Die Rettung für viele ist es, online Musikunterricht zu geben. Eine Möglichkeit, das auch Ros Gilman nutzt: Er unterrichtet Geige, Klavier und Komposition. Der Auftrag, an dem er eigentlich gerade arbeiten würde, die Musik zu einem Kinofilm, ist verschoben. "Sie haben nicht mal angefangen zu drehen." Die staatlichen Hilfen in England greifen für ihn nicht, denn es gibt sie für Angestellte und für Freiberufler. Er ist allerdings Chef seiner eigenen kleinen Firma.

Insgesamt ist die Bezahlung von Künstlern ein Problem. Bei Streaminganbietern gebe es da sehr große Unterschiede und als Künstler müsse man auch erst einmal wisse, wie man sich vermarktet. "Diese Industrie ist sehr hart." Man müsse eigentlich eine kaufmännische Ausbildung oder die Grundzüge eines BWL-Studiums haben.
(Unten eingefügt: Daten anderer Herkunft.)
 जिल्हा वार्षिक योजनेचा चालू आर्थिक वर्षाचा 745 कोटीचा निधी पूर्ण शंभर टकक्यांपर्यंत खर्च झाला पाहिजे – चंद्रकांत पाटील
Ros Gilman selbst hat nach der Schule in Pfaffenhofen in Wien Musik und Komposition studiert und dann noch ein Diplom in Musikbusiness draufgesetzt. "Marketing ist ein riesen Thema", dazu brauche man Vertragsrecht, Buchhaltung, gute Verkaufstechniken und vieles mehr. Zum Erfolg gehöre auch, ein Team leiten zu können. Im Fall von Ros Gilman ist es ein Team von Freelancern - "allein bringst du nichts voran". Nur gute Musik zu machen, das reiche alleine nicht aus. Ros Gilman würde so weit gehen zu sagen, dass man selbst mit mittelmäßiger Kunst weiter komme, wenn man nur den Rest gut draufhabe. Wenn nicht "könntest du Mozart selbst sein..." Deshalb wäre sein Rat an sein Ich vor 15 Jahren: Eine Basis von allem Kaufmännischem nachlegen. Wichtig sei auch, dass Künstler ihre Kunst nicht verschenken, denn sonst verliere sich der Wert. Auch für alle anderen, die in dem Bereich tätig sind. "Kunst hat generell einen Wert und ich hoffe, dass Künstler künftig fairer bezahlt werden, um weiterhin Kunst machen zu können."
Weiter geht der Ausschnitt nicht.